The source of S. marcescens outbreaks in NICUs is rarely identified. A review summarizing 48 NICU outbreaks reported an identified source in only 40% (19/48), the most frequent being a colonized or infected index patient (8/48), followed by equipment for patient care (6/48), an (unspecified) environment (4/48), and food (1/48) [12]. Colonized or infected patients are thought to represent the most important reservoir of S. marcescens outbreaks in NICUs [4, 13]. In the currently described situation, the investigation revealed two additional NICU cases prior to the outbreak. A mother of one of them hadan amnion infection syndrome due to S. marcescens three months before the start of the outbreak, and thus, may have been the most likely source [12]. In the literature, healthcare workers were never identified as a source, but few studies investigated this specifically [14]. Like in our study, extensive environmental screening rarely yielded positive results in the reported outbreaks, suggesting that environmental contamination may play a limited role.

The clinical implication of colonization with S. marcescens in neonates and its implication in outbreaks is not always clear. A number of studies reported that S. marcescens is rather commonly isolated in stool of preterm neonates within the first weeks of life [6, 15, 16]. However, the pathogen was not isolated consistently in preterm neonates either [17], and S. marcescens has not been isolated in healthy term babies [18]. Thus, while the finding of S. marcescens in neonatal stool can be considered a regular event in NICUs, the pathogen per se is not part of the normal early gut flora of healthy newborns in the community. Once the intestines of a neonate are colonized with S. marcescens from the (pathologic) outside, they can become the “source” of an outbreak. This makes control of Serratia outbreaks very difficult, and underlines the importance of hands in the transmission of the pathogen and the possible successful management of an outbreak.

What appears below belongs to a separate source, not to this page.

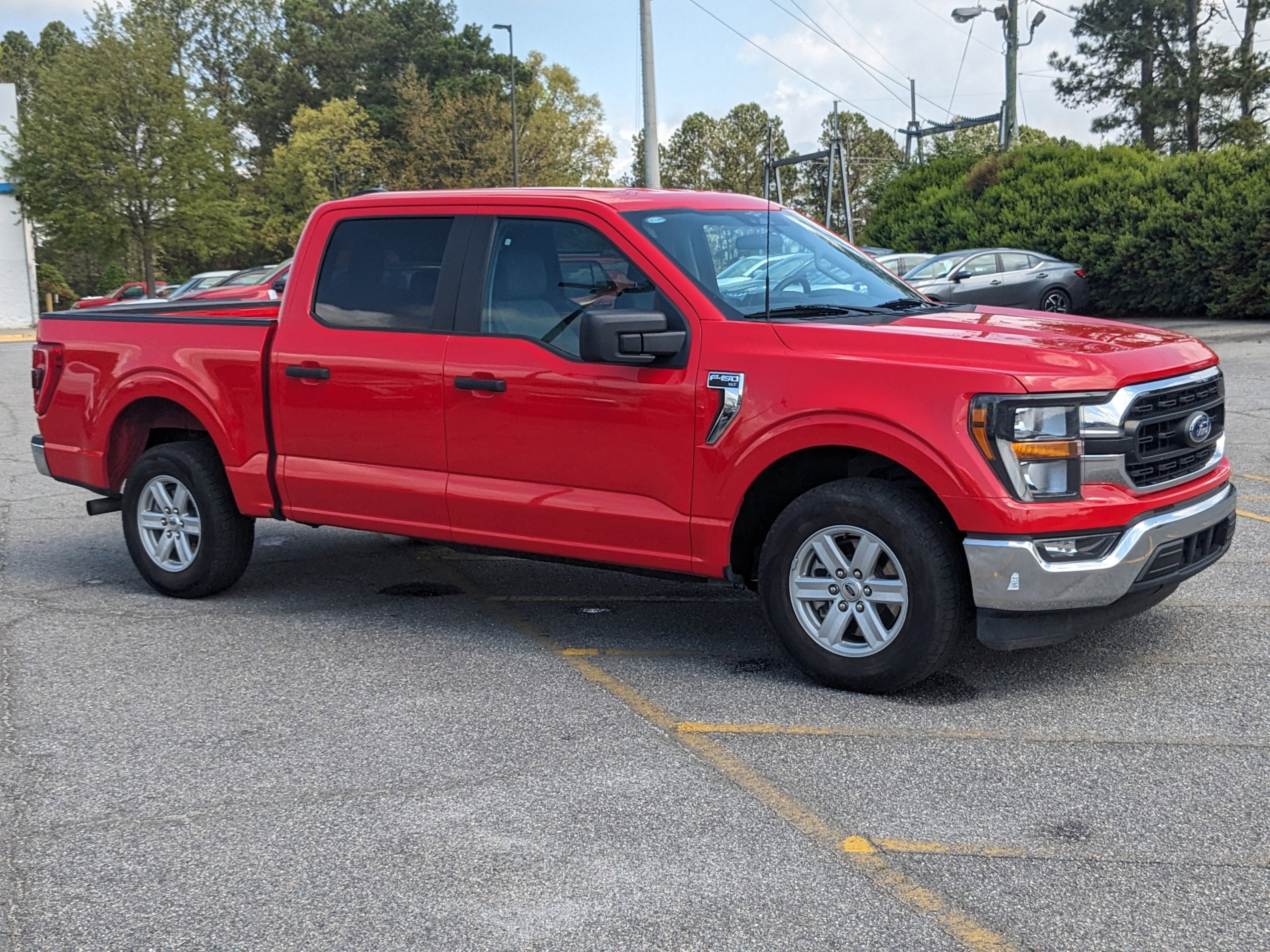 Used 2023 Ford F150 XLT image 2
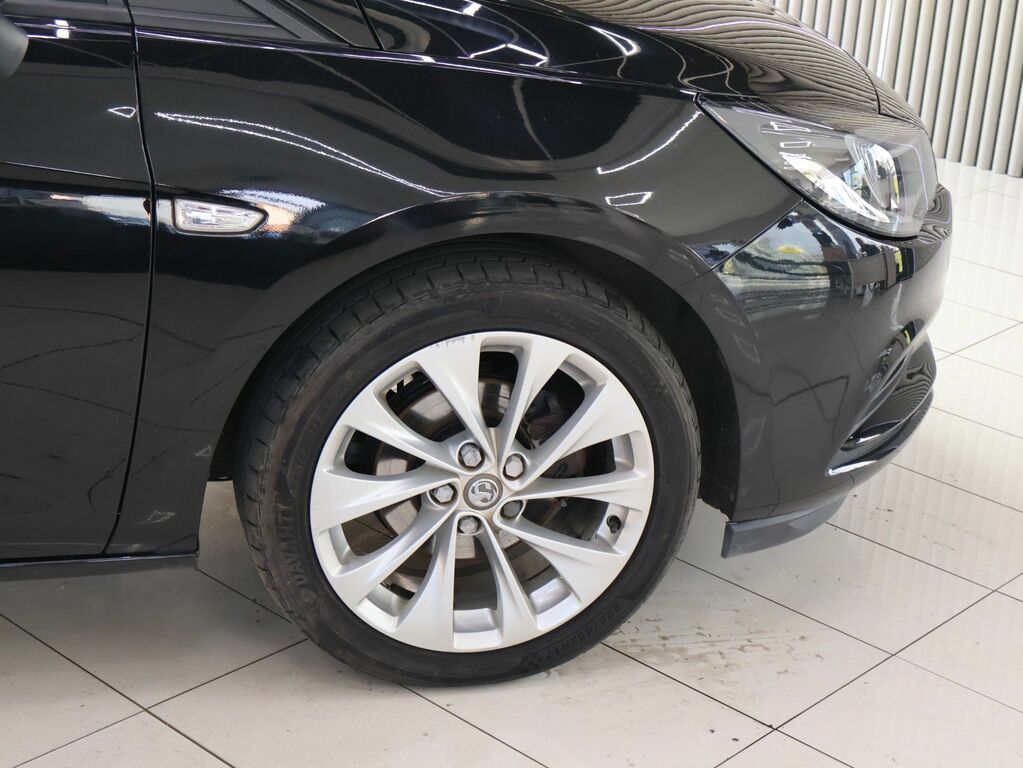 Vauxhall Astra 2018 1.4I Turbo Design Hatchback DV68UZA Black #5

Already in 1981, contaminated hand-washing brushes were reported to be implicated in a S. marcescens outbreak, indirectly pointing to the pivotal role of hand hygiene in the spread of the pathogen [19]. Contaminated soaps were identified in another report [20]. Interventions to control outbreaks included always both hand hygiene and environmental control [9, 21‐28]. Given that all environmental samples were negative in our outbreak investigation and work had been done in the past to dedicate equipment, drugs, ointments and other cosmetic products to individual neonates (avoiding multivials) [29], our intervention focused on hand hygiene improvement. This was all the more justified because a decrease of hand hygiene compliance had been identified as part of the investigation; hand hygiene compliance was 72% in the year before the outbreak.

Whole genome sequencing technology emerged as a powerful tool to identify clonality among outbreak isolates. The genome of a S. marcescens strain that sparked an outbreak among infants in Germany was reported very recently [11, 12]. Comparison with our index case revealed a moderate difference around 200 SNPs. Other isolates identified from our institution and not related to the outbreak were sequenced and the number of SNPs was higher than 100′000 (data not shown).

There are limitations in our outbreak investigation. First, environmental sampling was large but we did not consistently use neutralizing agents for testing the different cosmetic products, resulting in potential underreporting. However, cosmetic products were strictly confined to the neonates and no multivials were in use. A positive finding of a product with a case would not have been prove of the product being the source. Second, we did not produce formal records from the audits other than hand hygiene.